> Task objective
Please reproduce exactly, and only, the lines from the one with "beaches, typical dishes" through the last line of the listing below, both ends included, leaving out the pictures.

> Study material
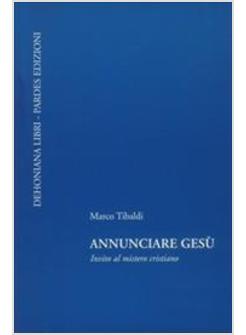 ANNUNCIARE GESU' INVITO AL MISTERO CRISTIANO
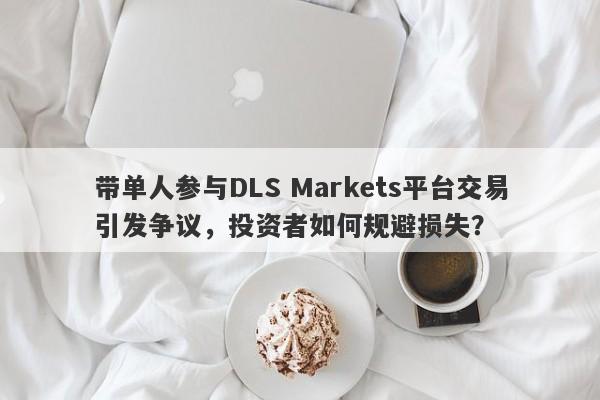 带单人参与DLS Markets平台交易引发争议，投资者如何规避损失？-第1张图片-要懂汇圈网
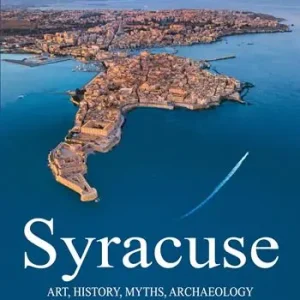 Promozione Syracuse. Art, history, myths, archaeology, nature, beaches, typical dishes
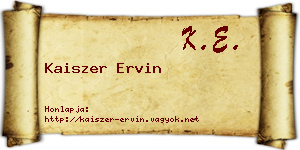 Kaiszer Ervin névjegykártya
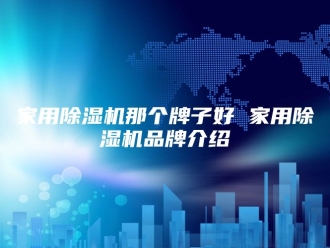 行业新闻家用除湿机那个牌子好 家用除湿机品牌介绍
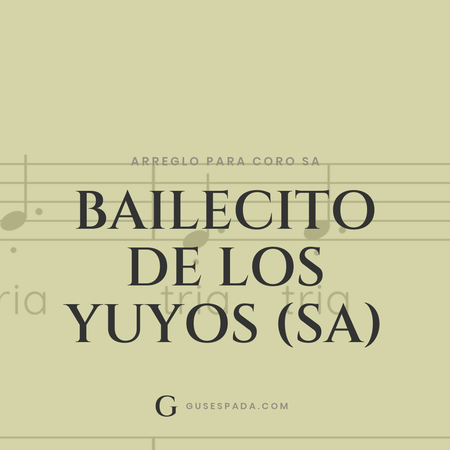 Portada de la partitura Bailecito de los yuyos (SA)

> Task solution
 Promozione Syracuse. Art, history, myths, archaeology, nature, beaches, typical dishes
 Kaiszer Ervin névjegykártya
 行业新闻家用除湿机那个牌子好 家用除湿机品牌介绍
 Portada de la partitura Bailecito de los yuyos (SA)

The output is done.